Wpis z mikrobloga

Harry Kane powinien być książkową definicją #przegryw. Gość tyle lat jest napastnikiem nr 1 w najlepszej lidze świata i zdobywa w niej regularnie około 30 bramek w każdym sezonie. Jednak marnuje się w Tottenhamie, który wyżej niż TOP 4 nie wskoczy i na wygranie LM jest zdecydowanie za słaby. Przez co gość mimo genialnych indywidualnych statystyk nie ma żadnego trofeum drużynowego. Będąc blisko 30-tki Harry postanawia przejść do jednego z najsilniejszych klubów na świecie, 6-krotnego tryumfatora LM, 33-krotnego Mistrza Niemiec, w ostatnim czasie nieprzerwanie zdobywającego tytuł od 11 lat. Klub ma taką siłę piłkarzy, że wydaje się, że jak dołączy do nich napastnik klasy światowej, to będą bić się o tytuł w LM. A już na pewno machną sobie lekko Mistrza Niemiec i facet w wieku 30 lat wreszcie doczeka się jakiegoś poważnego tytułu z drużyną.
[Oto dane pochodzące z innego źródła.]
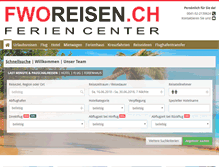 Tablet Screenshot of fworeisen.ch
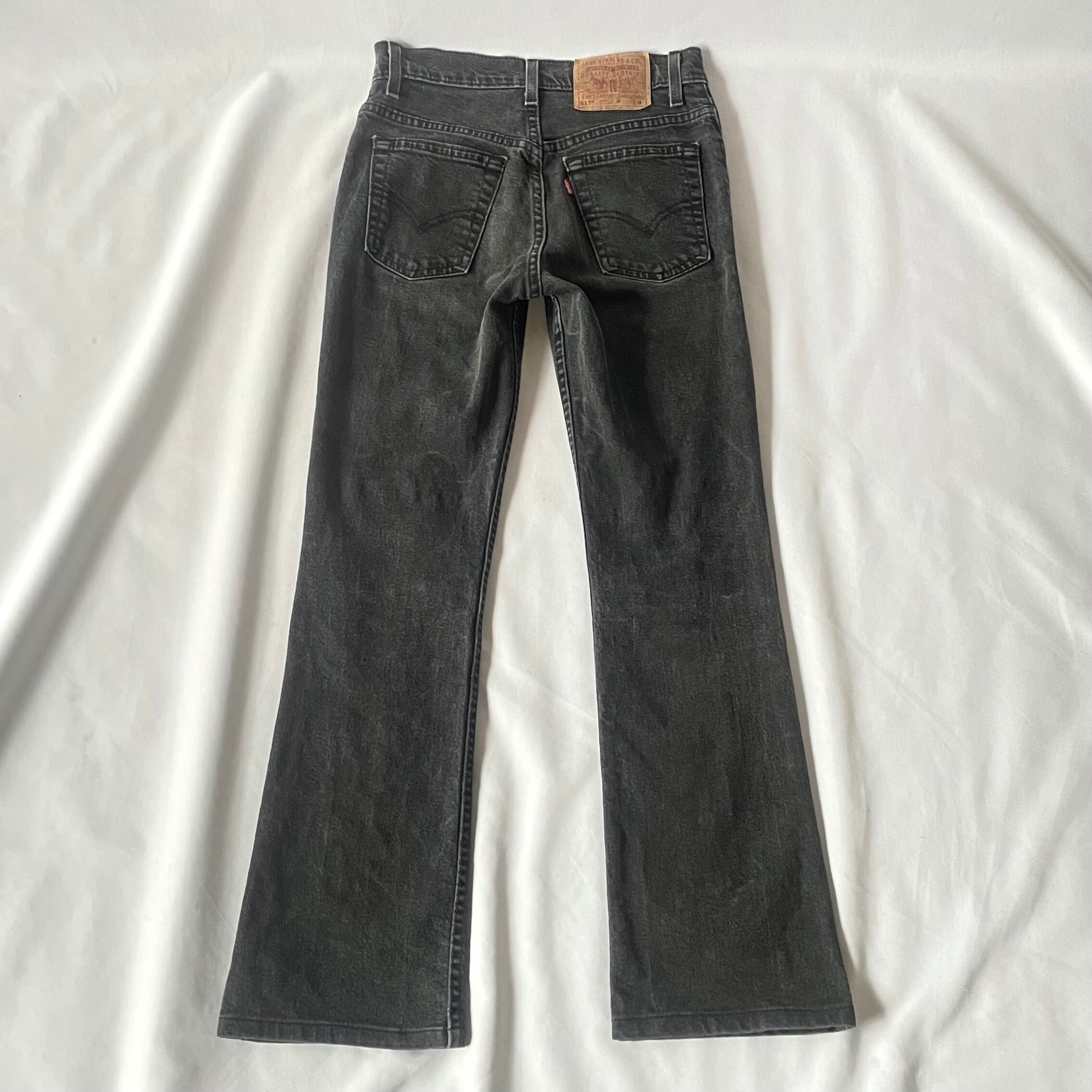 Made in USA Levi's 517 black denim pants アメリカ製リーバイス先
Ni chuya. Mimo strzelonych przez niego 32 goli do tej pory, Bayern pierwszy raz od 2012 roku nie zdobędzie tytułu Bundesligi. Przy obecnej grze jaką prezentują nawet jeśli siłą woli i mobilizacji przejdą Aresnal w 1/4 finału LM, to nie ma opcji, że w 1/2 finału nie wyłożą się na City albo Realu Madryt. Za kadencji Tuchela ten zespół jest rozbity od środka i bije anty-rekordy. Klątwa Kane'a nadal trwa. Zdobędzie kolejny indywidualny tytuł króla strzelców w nowej lidze, ale drużynowo Bayern pierwszy raz od ponad dekady leży na wszystkich trzech frontach (LM, Mistrzostwo Niemiec, Puchar Niemiec).